Auto-Debias: Debiasing Masked Language Models with Automated Biased Prompts
Yue Guo | Yi Yang | Ahmed Abbasi
Proceedings of the 60th Annual Meeting of the Association for Computational Linguistics (Volume 1: Long Papers)
Human-like biases and undesired social stereotypes exist in large pretrained language models. Given the wide adoption of these models in real-world applications, mitigating such biases has become an emerging and important task. In this paper, we propose an automatic method to mitigate the biases in pretrained language models. Different from previous debiasing work that uses external corpora to fine-tune the pretrained models, we instead directly probe the biases encoded in pretrained models through prompts. Specifically, we propose a variant of the beam search method to automatically search for biased prompts such that the cloze-style completions are the most different with respect to different demographic groups.

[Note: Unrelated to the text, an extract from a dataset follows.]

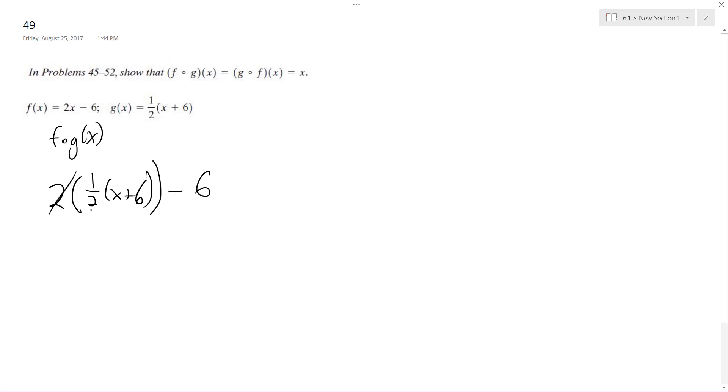So immediately these two cancel out, and you're left with x plus 6, minus 6, and we get x out.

Given the identified biased prompts, we then propose a distribution alignment loss to mitigate the biases. Experiment results on standard datasets and metrics show that our proposed Auto-Debias approach can significantly reduce biases, including gender and racial bias, in pretrained language models such as BERT, RoBERTa and ALBERT. Moreover, the improvement in fairness does not decrease the language models’ understanding abilities, as shown using the GLUE benchmark.